Some Banana Fish Gushing

Nov 18, 2018 08:48

A friend asked my why I like Banana Fish. She has just seen the anime and wasn't quite getting the appeal. I wrote so much in reply that I figured I'd post it here or anyone else who might want to read thoughts on BF. (Spoilers for the whole shebang)

Well, from what I’ve seen of the anime-something I’ve desperately wanted for years-I’m also not super fannishly enthralled with it, and it’s interesting to contemplate why, because it is a quite faithful adaptation of the manga. The plot is very close, a lot of the scenes are exact, the character designs are really like the manga, etc. So why is it not connecting the way the manga did…?

I think it may have to do with “chunking,” for want of a better word. When I really think back on the manga, it’s true that a lot of it is dross. It’s got boring plots that don’t make sense with Ash and Eiji split up for volumes at a time. But in manga format, you can skim all that (literally and mentally) and zero in on the core Ash and Eiji stuff. The anime has mostly the same stuff, but in an anime medium, you can’t skip and scan in the same way. You mostly have to watch everything in sequence, and it highlights the fact that a lot of space is wasted on silly plots. In the manga, you can hone in on the “chunks” that are really good.

Some things, though, the manga does better. It just has more detail, which fleshes out the characters, especially some of the secondary characters.
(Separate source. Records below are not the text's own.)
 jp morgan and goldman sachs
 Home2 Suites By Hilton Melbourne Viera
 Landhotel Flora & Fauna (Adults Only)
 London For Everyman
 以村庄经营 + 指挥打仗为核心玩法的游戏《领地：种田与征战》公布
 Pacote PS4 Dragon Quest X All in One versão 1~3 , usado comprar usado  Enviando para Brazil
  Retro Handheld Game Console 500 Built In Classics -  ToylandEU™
The anime early on did some really weird revisions of the reveals about Ash’s past and the development of his relationship with Eiji. For example, they had his dad tell this room full of everyone all about his traumatic past, which had a few bad narrative effects: 1) What?? Why would his dad say this to a bunch of strangers? 2) It wrecked the scene where Ash tells Eiji all this one on one. They also did some weird, premature thing where Eiji declared he’d stay by Ash’s side before Ash asks him to, which means they cut out where he really says he’s going to say with Ash forever (aka the most famous scene in Banana Fish), and it came out really awkward. The modernization was also a bad idea, making some 1980s cultural things not sit well, though this is pretty minor.

As to characterization, Eiji is spot on in the anime, much more so than in the AXEL live action play (which I recommend). I really like Ash in the anime and his seiyu, but he feels different from Ash in the manga. I’m not sure how much of this is language. I read the manga in English and got a really strong sense of Ash’s American voice (though I think the accent I do him in is more New Jersey than New York). His Japanese voice is utterly different-and I feel like overall, the character feels older, more staid, less snarky. The relatively low voice contributes to this.
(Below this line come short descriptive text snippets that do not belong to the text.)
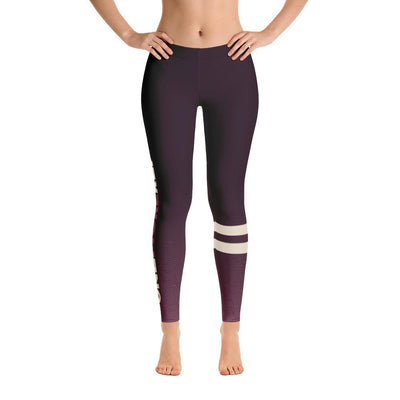 Leggings - Scalene One More Rep Leggings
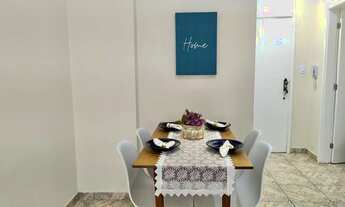 Imagem 3: OC503 - Apto 1 dorm Prédio frente ao mar, salão de jogos e Wi-fi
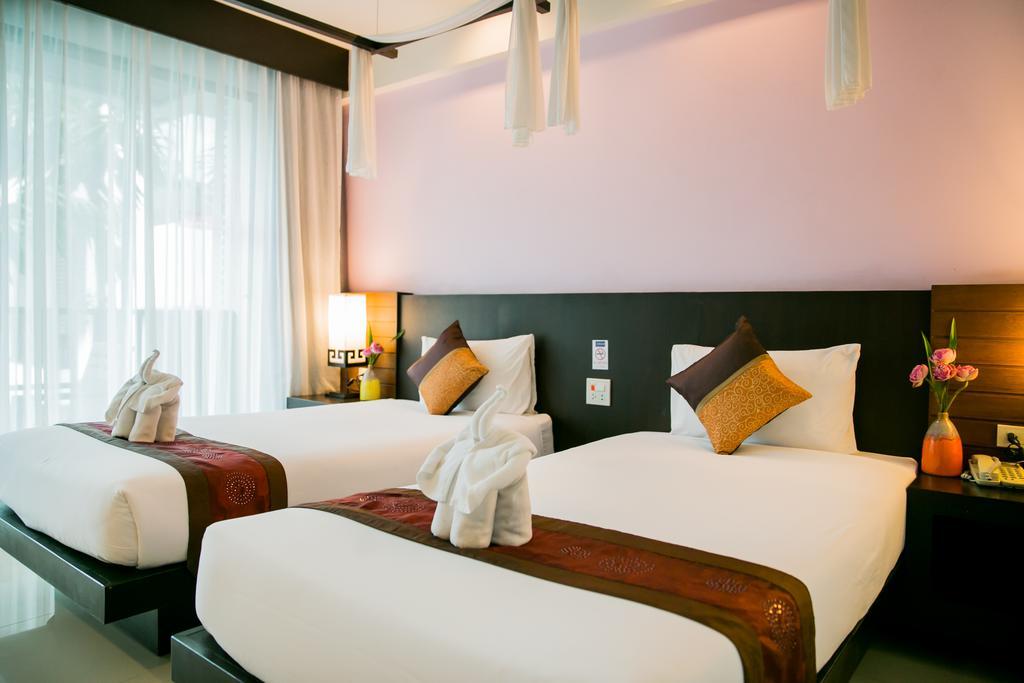 Apasari Krabi - Sha Extra Plus Ao Nang Exterior foto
So those are reasons why I might favor the manga as a way in to the story. But I can't guarantee you’d like the manga; it is pretty much like the anime. But here are some reasons I like the manga…

Well, I wrote up some stuff in this essay. Here’s the LJ link: https://labingi.livejournal.com/293173.html

In a nutshell, I find the love between Ash and Eiji very touching on two (related) counts. First, it is a beautiful example of two people who really click and complete each other and really always want what is best for each other, and act, to the best of their ability, on that impulse. Now, that sounds like it could be very boring, but for me, it is rescued from boring by 1) Ash’s emotional screwed-upedness and 2) the humor. (Eiji is rescued from being a fairly boring male damsel/perfect person by his sense of humor, which is actually really damn sharp.)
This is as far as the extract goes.